In The Miracle Years of Little Fork, a circus elephant dies from the heat in a small drought-stricken town. Young Reverend Hewlett attempts to bring order to the drama, convincing the community to bury the animal in the community pool. Suspense amplifies when rains arrive and the pool floods, followed by high winds that rip off the tarp covering the elephant.
Most of her characters are aligned in some manner to music and wars. In The Worst You Ever Feel, a boy sits on wooden stairs, mesmerized by music from a “nine-fingered violinist” who had been released from a Romanian prison after the fall of communist dictator Nicolae Ceausescu in 1989. The boy’s father, who escaped to America, was once a student of the violinist. Makkai dwells deeply into the boy’s mind, and his fear that people’s breathing would “propel the old man back to Romania on the wind of their exhalations.”
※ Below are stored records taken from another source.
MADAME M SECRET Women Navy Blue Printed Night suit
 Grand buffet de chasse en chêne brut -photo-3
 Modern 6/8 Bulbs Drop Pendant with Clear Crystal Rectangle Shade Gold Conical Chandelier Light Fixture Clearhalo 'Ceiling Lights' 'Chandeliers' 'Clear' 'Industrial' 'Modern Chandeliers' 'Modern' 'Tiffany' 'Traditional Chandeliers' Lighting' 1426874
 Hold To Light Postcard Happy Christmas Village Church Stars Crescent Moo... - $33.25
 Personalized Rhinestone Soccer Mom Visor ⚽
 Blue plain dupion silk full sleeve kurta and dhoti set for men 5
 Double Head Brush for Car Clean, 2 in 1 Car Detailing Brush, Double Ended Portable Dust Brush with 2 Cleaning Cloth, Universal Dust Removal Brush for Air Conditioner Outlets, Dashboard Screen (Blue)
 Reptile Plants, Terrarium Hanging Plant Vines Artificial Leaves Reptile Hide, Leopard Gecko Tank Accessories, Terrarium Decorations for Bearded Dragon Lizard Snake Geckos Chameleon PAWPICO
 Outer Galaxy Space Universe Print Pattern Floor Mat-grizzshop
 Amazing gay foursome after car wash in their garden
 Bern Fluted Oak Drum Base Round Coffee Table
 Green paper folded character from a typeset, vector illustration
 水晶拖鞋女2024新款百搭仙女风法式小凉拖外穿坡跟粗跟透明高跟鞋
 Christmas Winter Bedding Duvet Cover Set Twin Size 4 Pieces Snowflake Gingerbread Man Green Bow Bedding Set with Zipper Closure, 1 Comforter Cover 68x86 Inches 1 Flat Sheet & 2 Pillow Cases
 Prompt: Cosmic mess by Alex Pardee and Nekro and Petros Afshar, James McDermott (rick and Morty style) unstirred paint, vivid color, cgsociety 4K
The beginning sentence to The Museum of the Dearly Departed reads, “There had been a leak.” Makkai in precise language devises a complex plot with storylines like spokes on a bicycle wheel. In this story, a music-loving Nazi saves a famous singer from the gas chamber. Subsequently, they marry and move to the United States. While on vacation, a gas leak kills everyone in an apartment building where they are staying except them. The couple then becomes an intricate part of the plot as the families of the dead arrive to take possession of the apartments when the building is declared safe.
These awe-inspiring stories, the author says, have been in the making for thirteen years. The satisfying result is a memorable collection by an amazing storyteller.